/ 4 February 2008

Shedding our exceptionalism

Though it may be difficult to believe, the principle of accentuating the positive remains an important aspect of journalism. Yes, even the Mail & Guardian is sometimes guided by it.

I accept that it is easier to apply to the sports pages (Buffoona Buffoona’s recent woes not withstanding) than to other beats such as crime and politics (I admit that the difference between these two often confuses me).

To demonstrate this, this column will try to find the good in our latest addition to the national lexicon: load shedding.

Until recently, it was common cause for South Africans to remind ourselves and each other of how lucky we were that we were not in Monrovia (Liberia) or Lagos (Nigeria), where power failure is commonplace and the need to own a generator is as much a necessity as owning two cellphones is for many of us.

Load shedding is a benign reminder of the unsustainability of the general South African belief in its exceptionalism. Until now this supposed invincibility has centred on our belief that our political institutions are founded on unshakeable grounds. But are they?

We have dismissed fears of a Zimbabwe-style autocracy.

”It could never happen here. We are not as placid as our neighbours up north,” we say to ourselves.

But why would it not happen here? What is it about South Africansthat will ensure that it does not happen here?

I am afraid, other than our exaggerated sense of worth, there is nothing that suggests to me that we would be ready and able to stop a Mugabe if he happened here, just as we thought that stories of cities routinely being plunged into darkness only happened ”in Africa” — as some of us believe that our ”continent” starts at Cape Point and ends at the Limpopo River.

As Eskom’s energy debacle shows, the powers that be have a tendency of not listening to anyone. It’s their will or nothing.

They ignored those who warned them against the arms deal and, particularly, that such deals lend themselves to corruption. Again we believed that we were exceptional and that such corruption only happened among states that did not have our revolutionary morale.
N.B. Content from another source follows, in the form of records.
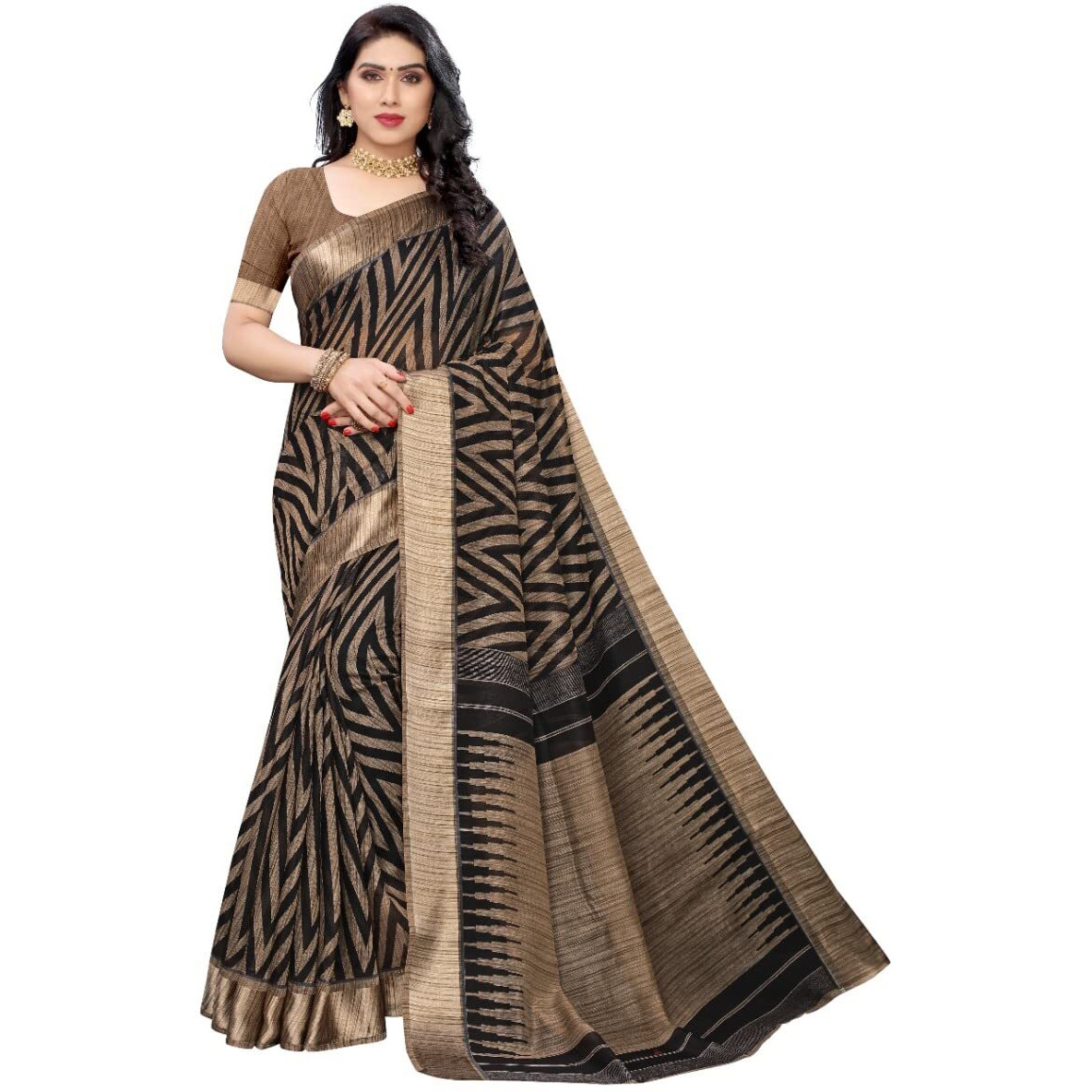 Yashika Womens Woven Linen Saree With Blouse Piece (Bee Black_Black)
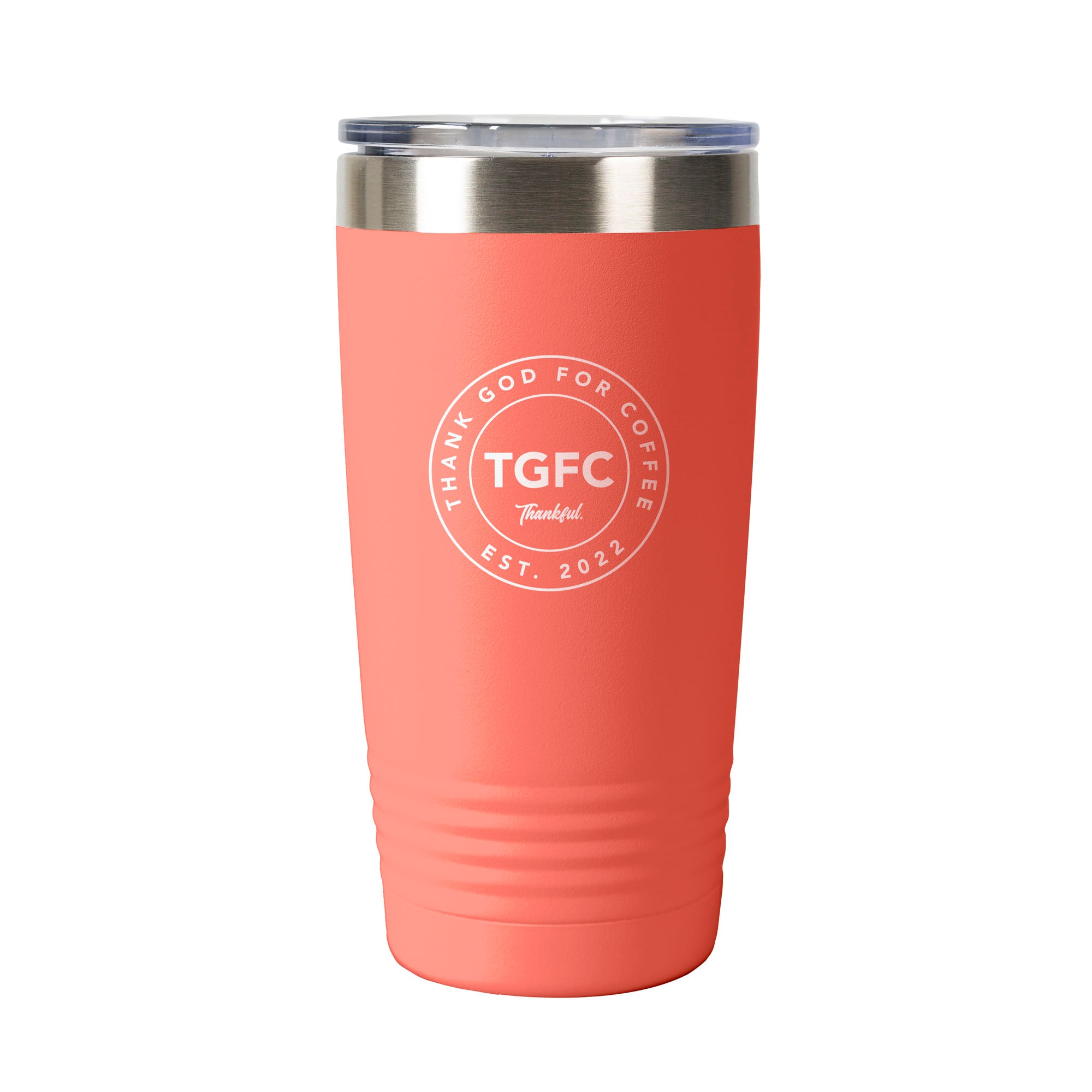 Coral, stainless steel tumbler with a lid and "TGFC Thankful Est. 2022" in a circle on the front.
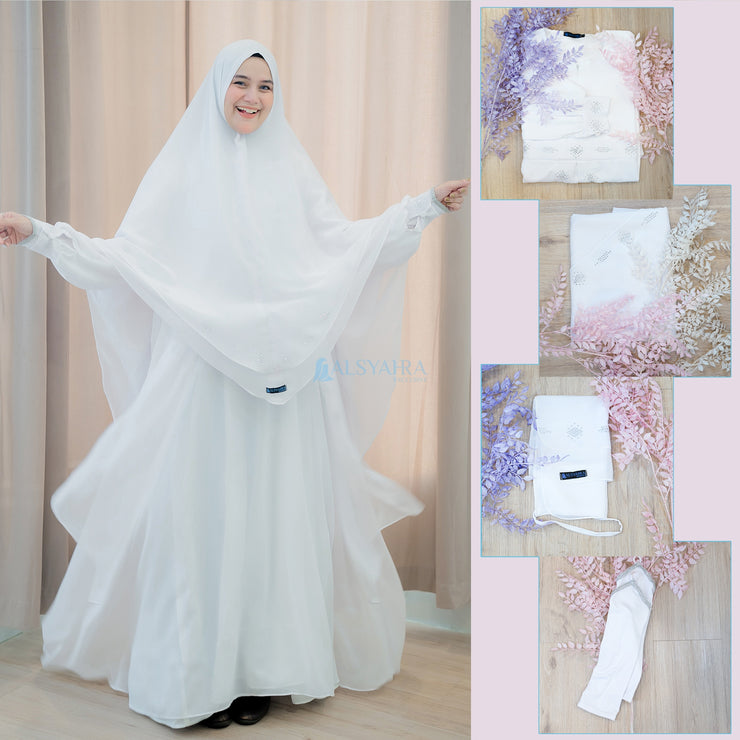 Bundling Set Walimah Abaya Khimar Cadar Tali 3 Layer Mediterania by Alsyahra Exclusive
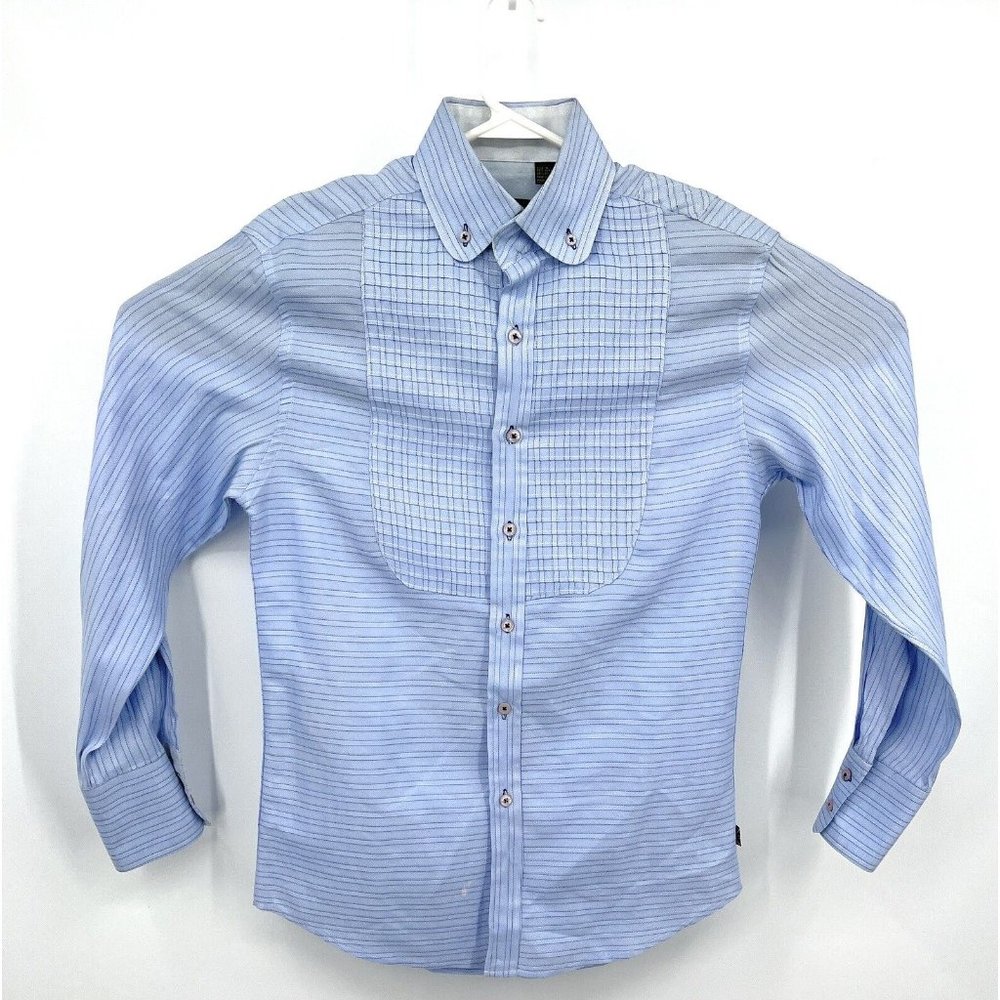 CHRISTOPHER WICKS CLEAN LAUNDRY Mens S Blue‎ Pleated Long Sleeve Shirt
We sat back in shock when the then Nigerian president Olusegun Obasanjo ”moved” the graft-busting finance minister Ngozi Okonjo-Iweala to the foreign affairs ministry. Like our own Scorpions, the former World Bank vice-president was making life miserable for political elites who had thought that elevation to public office was a licence to loot the national purse.

At the time we could not imagine our government doing the same to the equivalent structure’s head. It is history now that Vusi Pikoli is effectively being told to reapply for his job.

The powers that be have all but succeeded in chopping off the offending tail of the Scorpions for no other plausible reason than because they can. If law enforcement agencies were shut down because of the conduct of their members, then we would long ago have closed the SAPS. Its record of either incompetence or collusion is best illustrated by its chief commander, who was friends with a man who was crooked, which he said he only learned through the media.

Though Polokwane created an impression of a brave new cadre of the ruling party, one wonders why they chose to remain silent for so long when their brothers and sisters, sons and daughters were dying of HIV and Aids. One cannot help but ask what is the difference between these brave people and the party apparatchiks, who, in the name of ”being disciplined”, allowed Mugabe to sink their country.

We could easily dismiss the rantings against the judiciary as the expressions of a few individuals still intoxicated by triumphalism emerging from the Limpopo conference. But unless we nip it in the bud we, or our children, might have to return to these days to mark a point in our history when the judiciary lost its hallowed space as the final arbiter of conflicts inherent in all societies.

South African civil society, including the media, has, for all its great intentions and voice, scored too few victories to style itself as a bulwark against the abuse of power and protect us from being ”yet another” African state.

Never has the call by Edward Abbey for true patriots to discharge their duty to protect their country against their government been truer. Instead we have lackeys who could not tell their president that they knew people who had died of Aids and had actually seen hordes of the unemployed standing on street corners.

If anything good should come from load shedding, let it be that it was an early warning device of our susceptibility to get it wrong.

We sat quietly when experts warned of a potential energy crisis. Instead of taking action or cajoling those with the authority to do so, we basked in the glory of our imagined supremacy. Look at us now. Why then should we go on telling each other that some of the things we read in newspapers will never happen to us?